Re: UTF-8 Syntax

From: toby_phipps@peoplesoft.com
Date: Fri Jun 08 2001 - 19:11:14 EDT


As one of the proponents of the UTF-8S proposal, I feel compelled to
respond to some of the recent comments regarding the proposal on the
unicode and unicore lists. Although there have been some good comments
about how the goals of the proposal could be accomplished without a new
encoding form, there have also been numerous arguments against UTF-8S
varying from simply unprofessional (the WTF thread) through to blatently
false (encoding doesn't imply a collation). Let me address each of the
comments individually. There's been a lot of talk about the UTF-8S
proposal on both the unicode and unicore list, so please forgive me (and
notify me if you feel the need) if I have missed any of the salient points
that require a response.

--
Toby Phipps
PeopleTools Product Manager - Global Technology
PeopleSoft, Inc.
tphipps@peoplesoft.com

1. UTF-8S doesn't need to be "accepted" or "approved" by the UTC, as its use is within a proprietary, closed system.
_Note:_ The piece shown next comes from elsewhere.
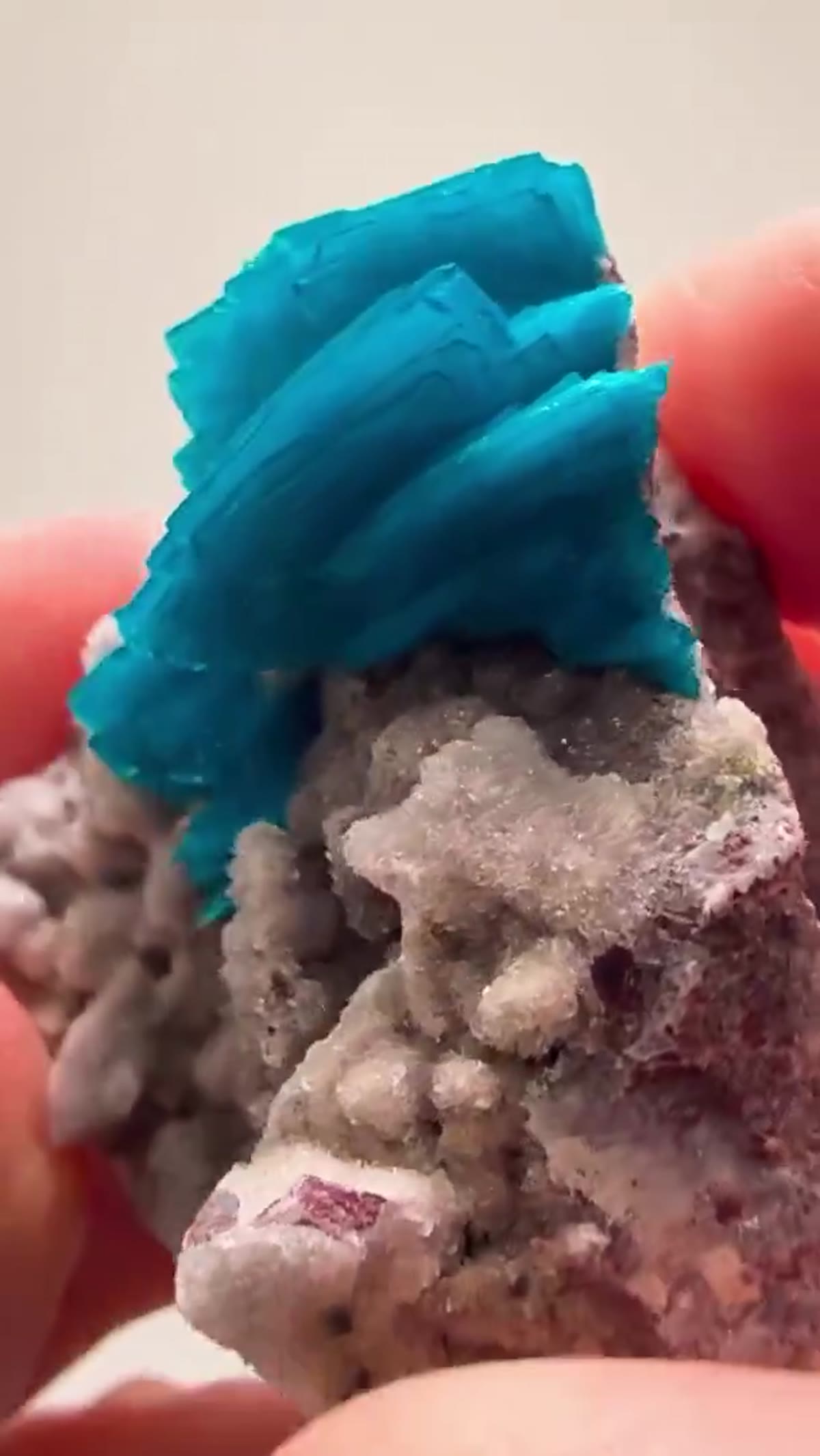 Mineral Specimen: Cavansite Color That Doesn’t Even Look Real - view 3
Nothing could be further from the truth. Just look at which companies are pushing the proposal (Oracle, SAP, PeopleSoft). These organizations all share the same technological issue, but are also direct competitors. We share a common technology - that of large SQL databases, and in the case of PeopleSoft and SAP, heterogeneity across many different SQL databases. We need a commonly understood UTF-8 encoding that can be used as a database encoding, an in-memory encoding and other "internal" forms, but at the same time, passed between systems from different vendors. PeopleSoft and SAP support a range of database platforms, including Oracle, Microsoft SQL Server, and IBM DB2. Communication between *applications* from one vendor to a *database* from another vendor is not a closed system.

2. An encoding form does not imply a collation

False. The most basic collation in any system is the binary order of the codepoints in their current encoding. That's what C gives you with the strcmp( ) function, what COBOL gives you with " > ", what Java gives you with its basic string classes. Even though the binary collation of each Unicode transformation makes no linguistic sense, developers all over the world make use of binary collation string comparisons to optimize code, especially when dealing with huge volumes of data. Just looking at PeopleSoft's tens of millions of lines of code, the great majority of our collation-depedent comparisons (eg. comparisons returning more information than simple equivalence) are used for performance and optimization.

There are most definately cases where we need a linguistic comparison, and we have the appropriate syntax in each of our languages (except COBOL) to deal with this. However, these cases are rare, and typically the developer is aware that they are performing a collation whose result will be visible to the user, and therefore needs to be in linguistic order.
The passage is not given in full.